Q1 Market Snapshot | Real Estate Continues to Recover

In Palo Alto, Los Altos and surrounding communities, the residential real estate market continued to recover in the 1st quarter of ’10. Supply and demand continued to move back in favor of sellers with multiple offers common and prices rising.


South and Mid-Peninsula Market Snapshot

? Q1-2010 vs. Q1-2009 ?

Q1 Sales Snapshot

A Significant Shift in Supply & Demand

Several factors – including improving consumer confidence and lots of rain – caused the number of homes for sale in our market area to decline by 20% on average from a year ago. Sales volume, on the other hand, increased by 55%.

The number of days it took for homes to sell (Days on Market) was essentially unchanged. This number can be easily misinterpreted. As the market heats up, homes that had been sitting unsold become more attractive and start to sell – thereby increasing the average number of “days on market”. Median sales prices also were basically unchanged. That figure has more to do with which segment of the market is selling in each community. For example, median sales prices were up by 40% in Sunnyvale and down by 40% in Los Altos Hills. Home values have not changed by those amounts. Folks are simply buying more expensive homes this year in Sunnyvale and less expensive homes in Los Altos Hills than last year.

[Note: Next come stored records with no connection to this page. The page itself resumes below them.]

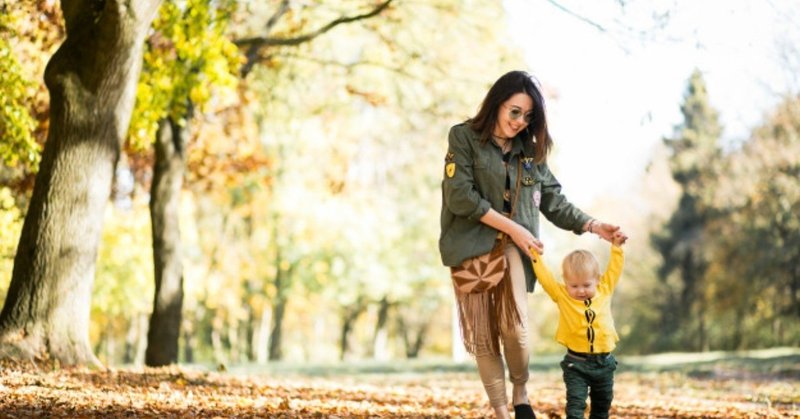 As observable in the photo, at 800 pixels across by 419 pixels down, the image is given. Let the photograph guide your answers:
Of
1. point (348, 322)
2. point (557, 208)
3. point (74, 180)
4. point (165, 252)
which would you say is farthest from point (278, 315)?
point (557, 208)

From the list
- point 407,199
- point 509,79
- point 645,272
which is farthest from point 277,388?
point 645,272

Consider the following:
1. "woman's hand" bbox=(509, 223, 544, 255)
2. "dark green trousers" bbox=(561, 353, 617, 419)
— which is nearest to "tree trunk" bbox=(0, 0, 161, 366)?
"woman's hand" bbox=(509, 223, 544, 255)

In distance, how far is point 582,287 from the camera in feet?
16.6

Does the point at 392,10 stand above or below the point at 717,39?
above

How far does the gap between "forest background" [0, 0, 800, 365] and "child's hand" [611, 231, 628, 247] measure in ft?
12.8

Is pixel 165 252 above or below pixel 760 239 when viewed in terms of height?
below

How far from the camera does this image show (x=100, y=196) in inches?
328

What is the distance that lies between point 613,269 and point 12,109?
22.7 feet

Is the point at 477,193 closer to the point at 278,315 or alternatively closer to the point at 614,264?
the point at 614,264

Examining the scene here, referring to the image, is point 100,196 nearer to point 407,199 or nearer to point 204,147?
point 204,147

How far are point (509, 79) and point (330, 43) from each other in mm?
10436

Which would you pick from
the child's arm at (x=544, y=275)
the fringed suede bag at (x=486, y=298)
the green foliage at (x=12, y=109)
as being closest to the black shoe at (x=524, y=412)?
the fringed suede bag at (x=486, y=298)

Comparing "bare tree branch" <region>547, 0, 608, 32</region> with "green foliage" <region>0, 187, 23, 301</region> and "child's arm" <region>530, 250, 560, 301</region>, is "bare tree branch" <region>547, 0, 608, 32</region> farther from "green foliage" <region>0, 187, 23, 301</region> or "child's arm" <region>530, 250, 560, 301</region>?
"green foliage" <region>0, 187, 23, 301</region>

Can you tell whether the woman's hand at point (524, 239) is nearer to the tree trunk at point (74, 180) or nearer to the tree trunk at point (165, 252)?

The average percentage of list price received by sellers shows the impact of the reduced supply and greater demand. It increased to 98%, on average, in 2010 from 95% in 2009.

Can This Market Continue to Improve?

Yes, if the U.S Treasury and Federal Reserve Bank (with the assistance of Congress) are able to manage the massive financial de-leveraging that’s taking place. If they are able to continue to underwrite the staggering quantity of commercial and residential loans currently “under water” (without causing inflation and interest rates to spike) then yes, this rebound in our residential market will continue to improve.

Q1 2010 Snapshot


Buyers are very motivated at the moment, particularly in the under-two million dollar range. As stated above there is dwindling inventory. However, buyers are extremely sensitive to any perceivable “negative” issues relating to condition or location and expect to pay less as a result. Improving the home’s condition prior to putting your home on the market is very profitable.

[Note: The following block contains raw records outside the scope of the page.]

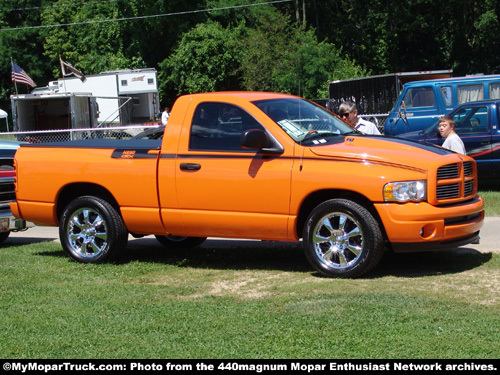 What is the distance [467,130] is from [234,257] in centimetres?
739

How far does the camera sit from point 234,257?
8953mm

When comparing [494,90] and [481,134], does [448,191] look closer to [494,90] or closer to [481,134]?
[481,134]

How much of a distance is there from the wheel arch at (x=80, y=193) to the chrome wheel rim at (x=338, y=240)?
2.54 meters

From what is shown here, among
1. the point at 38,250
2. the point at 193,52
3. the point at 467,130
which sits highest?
the point at 193,52

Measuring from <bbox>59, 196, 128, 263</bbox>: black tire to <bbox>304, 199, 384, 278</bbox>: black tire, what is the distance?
2.34 metres

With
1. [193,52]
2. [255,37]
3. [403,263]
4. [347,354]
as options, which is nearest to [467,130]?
[403,263]

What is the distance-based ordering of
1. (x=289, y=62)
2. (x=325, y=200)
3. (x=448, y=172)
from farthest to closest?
(x=289, y=62) < (x=325, y=200) < (x=448, y=172)

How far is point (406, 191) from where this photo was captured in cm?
704

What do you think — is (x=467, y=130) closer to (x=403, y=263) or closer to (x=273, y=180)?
(x=403, y=263)

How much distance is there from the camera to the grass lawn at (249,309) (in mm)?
5168

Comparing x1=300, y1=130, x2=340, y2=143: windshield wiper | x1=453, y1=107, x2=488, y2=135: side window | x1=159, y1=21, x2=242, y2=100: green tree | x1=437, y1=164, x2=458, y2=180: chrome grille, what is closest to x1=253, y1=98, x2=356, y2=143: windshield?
x1=300, y1=130, x2=340, y2=143: windshield wiper

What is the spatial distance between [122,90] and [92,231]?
2532cm

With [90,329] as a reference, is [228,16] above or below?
above

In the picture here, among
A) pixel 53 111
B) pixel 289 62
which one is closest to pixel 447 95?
pixel 53 111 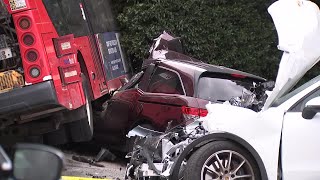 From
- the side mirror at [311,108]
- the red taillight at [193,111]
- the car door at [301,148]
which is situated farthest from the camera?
the red taillight at [193,111]

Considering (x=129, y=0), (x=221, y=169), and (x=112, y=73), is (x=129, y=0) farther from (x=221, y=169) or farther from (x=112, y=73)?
(x=221, y=169)

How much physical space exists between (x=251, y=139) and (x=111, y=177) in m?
2.99

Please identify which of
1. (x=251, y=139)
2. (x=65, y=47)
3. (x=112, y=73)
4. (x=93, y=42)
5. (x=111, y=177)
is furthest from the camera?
(x=112, y=73)

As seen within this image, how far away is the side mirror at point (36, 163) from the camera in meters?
2.57

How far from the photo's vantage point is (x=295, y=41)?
5.57 metres

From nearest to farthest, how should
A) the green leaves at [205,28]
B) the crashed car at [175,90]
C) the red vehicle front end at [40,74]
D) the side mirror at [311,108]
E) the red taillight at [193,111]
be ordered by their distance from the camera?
the side mirror at [311,108], the red vehicle front end at [40,74], the red taillight at [193,111], the crashed car at [175,90], the green leaves at [205,28]

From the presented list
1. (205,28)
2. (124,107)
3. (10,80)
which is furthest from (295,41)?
(205,28)

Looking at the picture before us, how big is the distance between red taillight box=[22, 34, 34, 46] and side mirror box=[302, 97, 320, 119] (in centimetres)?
334

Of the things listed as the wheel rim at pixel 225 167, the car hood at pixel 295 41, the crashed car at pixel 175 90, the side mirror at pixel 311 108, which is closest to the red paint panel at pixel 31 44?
the crashed car at pixel 175 90

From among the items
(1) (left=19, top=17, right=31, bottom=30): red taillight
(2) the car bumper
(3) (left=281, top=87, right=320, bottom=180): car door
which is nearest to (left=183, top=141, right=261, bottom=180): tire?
→ (3) (left=281, top=87, right=320, bottom=180): car door

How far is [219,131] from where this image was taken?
18.3 ft

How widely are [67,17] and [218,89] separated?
2.45m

Interest rates will soon rise. How high and when? No one knows. Plus, home values in our area are rising. Although selection is very limited at the moment, buying soon and locking in a low 30-year fixed rate mortgage will most likely prove to be exceptionally profitable. Buying a home that is in need of surface improvements will also be profitable. One’s particular buying strategy, home selection, and ability to hold long-term are always critical to success.